Some Coming-of-Age movies take on teenage life often varies significantly. Some filmmakers, like Stephen Chbosky, focus on a message rather than the real life of youth out there in their films. The Perks of Being a Wallflower is a perfect example of that approach.
Other filmmakers, like the Russian Andrey Zaytsev, opt to shed the false pretenses and pretensious narratives and instead offer a simplified, yet more accurate portrayal of what it is like to be a teenager nowadays, in a thoughtful and honest manner. That second approach results in more engaging and fun to watch films, and the 2015 romantic drama from Russia, 14+ is a perfect example.
Marketed as a “Love story of a modern Romeo and Juliet”, which is a slight overstatement (if one is to keep true to the original literature characters), 14+ tells the story of Alex (Gleb Kalyuzhny) and his quest to melt the heart of the beautiful Vika (Ulyana Vaskovich). It’s a challenging task, with Vika not only being the first love of the young protagonist, but she also attends a rival school, ruled by the fearsome Wolf, an older boy who leads a gang of tough kids in numerous fights against pupils of other establishments who dare to cross into “their lands”.
The story is set in residential areas of Moscow. Yet its universal theme is easily transferable to any large city around the world (and especially in Europe). Alex and Vika belong to a generation that grew up on video games and social networks, with parents who rarely discuss growing-up issues with them, believing that they are old enough.
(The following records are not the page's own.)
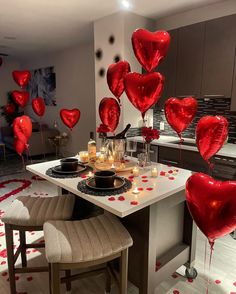 red heart balloons floating in the air over a kitchen table with candles and plates on it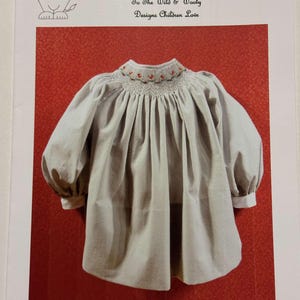 May include: A light grey baby dress with a smocked neckline and puffed sleeves. The dress has a rounded hem and white cuffs. The text "Pat Garretson Designs" and "324 Winter" are visible.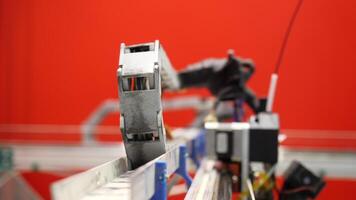 Close-up of mechanism with robotics. Media. Small mechanism at robot exhibition. Automated crawler mechanism video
The Russian social network site VK (think of it as the Russian Facebook, if you have never heard of it) is featured quite a lot in the film and it did not come as a surprise that the filmmakers utilized its capabilities to discover and recruit many of the young kids that star in the film. Most of the actors are non-professionals, playing themselves and that probably is part of the reason as to why their performances appear so natural. Of course, we can also attribute that to the capable directing of Andrey Zaytsev.
It is extremely easy for one to identify with the film’s protagonists, especially with Alex’s feelings and mental state (the nervousness, shyness but also the determination). I can very well remember these from my own teenage days, including a time in which a younger Georgi gifted roses to his “Vika”, while making a fool of himself in front of her entire class.
14+ is also a film with a great soundtrack featuring spot-on music to the pulse of youth today while giving a nod to the music their parents listened to as well including: Radiohead, Manu Chao, Serge Gainsbourg, Adriano Celentano (by Alexey Sulima) and many other Russian songs. The songs liven up the scenes and make the film even more enjoyable to watch, especially for young audiences.
All in all, I greatly enjoyed the film. It’s very objective and does a credible job in portraying the trials and tribulations of first love and growing up.